CSE 473 - Artificial Intelligence - Autumn 2011

Written Assignment 2: MDPs, RL, and Markov Chains

Due Date: Due Wed Nov 23, 9:30am in class or through the online dropbox.

Problem 1: Simple Blackjack [30 points]

Consider a simplification of the card game Blackjack. There is an infinite deck of cards. Each card can be a 1, 2, or 3 (distributed in equal proportions). Each turn, the player can choose to draw another card or stop. At the end of the game, the player's score is equal to the sum of the numbers on all of the cards that have been flipped, if this sum is less than 5. If the sum is 5 or greater, the player receives a score of 0.

A. [10pts] Formulate the Simple Blackjack problem as an MDP.

B. [10pts] Do three rounds of value iteration, showing all of your work. Be sure to specify the settings for all relevant parameters (any reasonable values are acceptable).

C. [10pts] Simulate Q-learning for 10 steps. Be sure to specify the settings for all relevant parameters (any reasonable values are acceptable). Any time you would need to sample from a distribution, write the result you picked and label it with the associated probability.

Problem 2: Value Iteration vs. Policy Iteration [10 points]

A. [5pts] Briefly, in your own words, describe the difference between value iteration (VI) and policy iteration (PI).

B. [5pts] In general, would you prefer to use VI or PI to solve an MDP. Describe cases, if any, where one should be preferred to the other. Consider both the per-iteration complexity as well as the number of iterations required to find a good policy.
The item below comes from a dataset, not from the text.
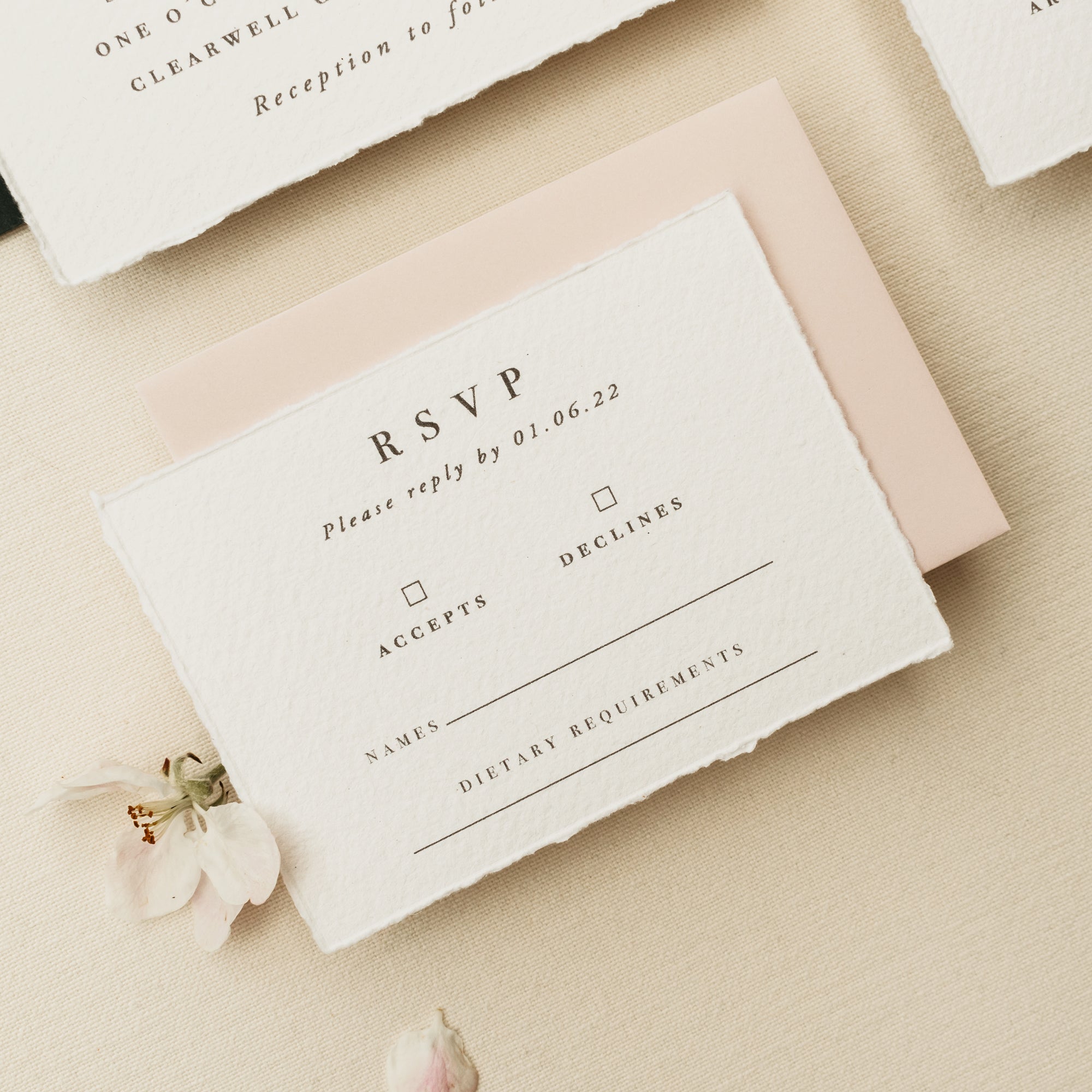 Personalised Handmade Wedding Invite Acceptance Card - RSVP, Invitation, Cake | UK - View #2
Problem 3: Markov Chains [20 points]

Consider the following process. You can be employed or unemployed. At each time step, you have a 1% chance of loosing your job and a 15% chance of moving from unemployment to employment (finding a new job!). Unless otherwise specified, assume that you have a 50% chance of being employed at time 1.

A. [5pts] Model this employment process as a Markov chain.

B. [5pts] If you start out employed, what is the probability of still being employed after three time steps? Show all of your work.

B. [5pts] If you are unemployed at time 3, what is the probability that you started out employed at time 1?

C. [5pts] What is the stationary distribution of the chain you defined?